Eti Haungatau
- Born: 25 September 2000 (age 25) Sacramento, California
- Height: 5 ft 7 in (170 cm)
- Weight: 256 lb (116 kg)

Rugby union career
- Position(s): Center (XV), Center (7s)

International career
- Years: Team / Apps / (Points)
- 2019–Present: United States / 9 / (5)

National sevens team
- Years: Team /  / Comps
- 2019–Present: United States /  / 5 (0)

= Eti Haungatau =

Eti Haungatau (born 25 September 2000) is an American rugby union player, currently playing for Sale Sharks in the Allianz Premier 15s.

==Personal life==
Haungatau has been playing rugby since she was nine years old.

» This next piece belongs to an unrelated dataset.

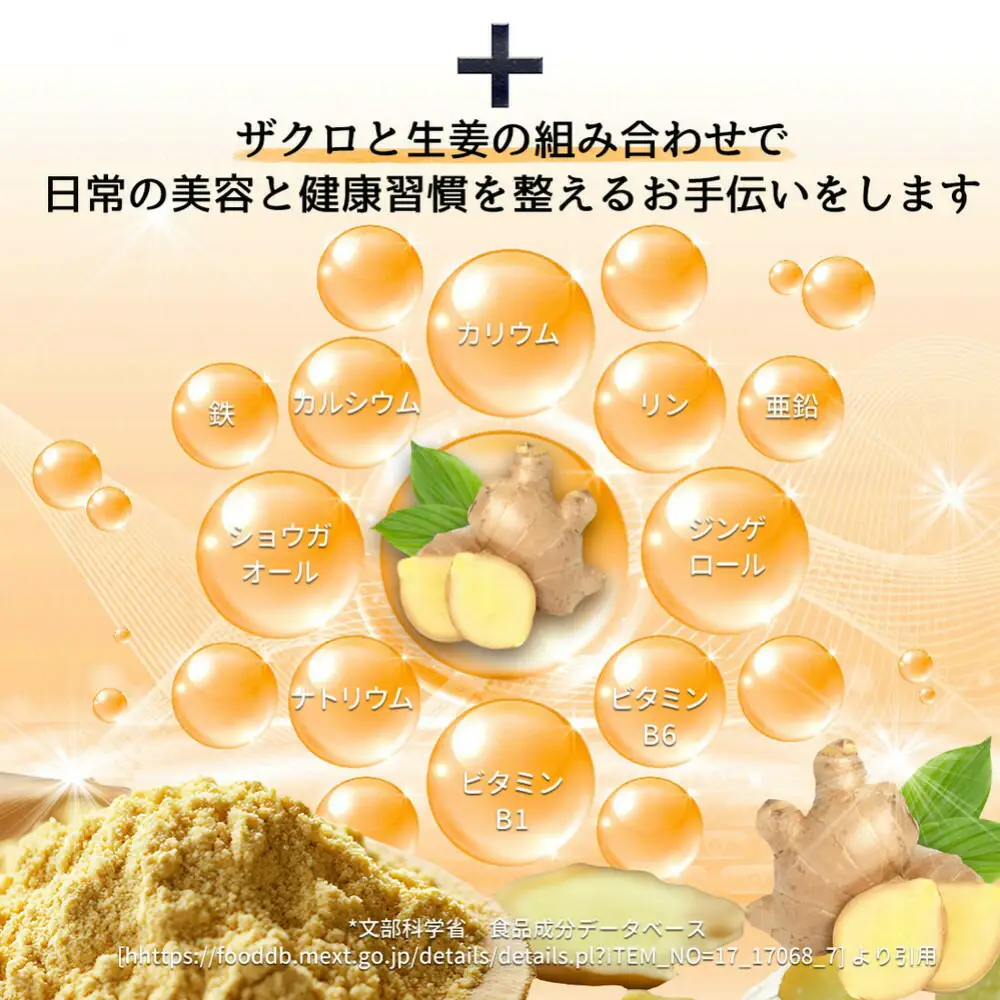 魅惑ザクロ GINGER Boost(福岡市返礼品)【12袋入り】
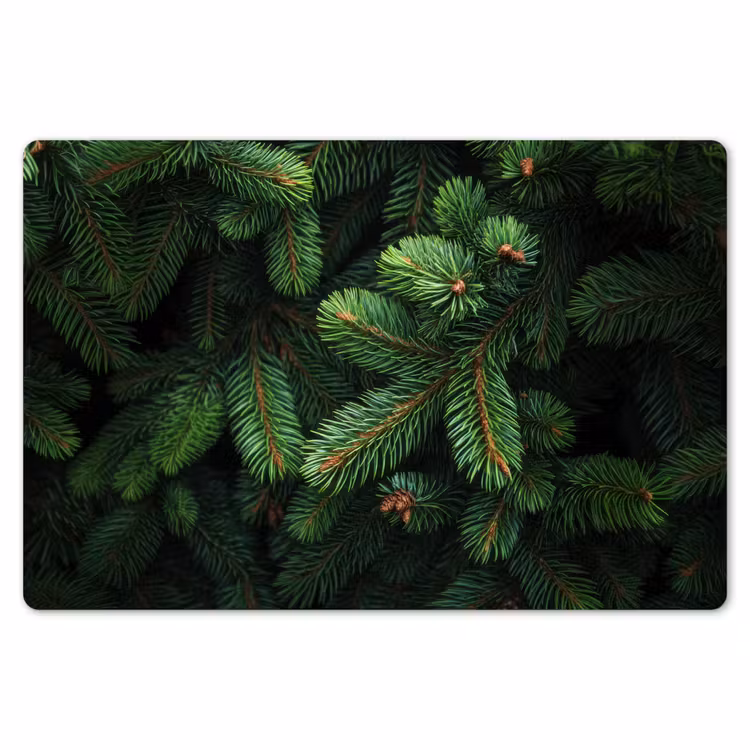 Placemat - 6 stuks - Sparrentakken - Knoppen - Naalden - Groen — 7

She is the niece of 2016 Olympian, Joanne Fa'avesi, and is a cousin of another 2016 Olympian, Folau Niua.

== Rugby career ==
In 2019, Haungatau scored two tries for the Eagles against a Barbarians side in April. She made her international debut for the Eagles fifteens against England at the Super Series in June. She later debuted for the Eagles sevens at the USA Women's Sevens in October.

Haungatau was selected in the United States squad for the 2021 Rugby World Cup in New Zealand. In 2023, She was named in the Eagles traveling squad for their test against Spain, and for the 2023 Pacific Four Series. She scored a try in her sides hard-fought victory over Spain, they won 20–14.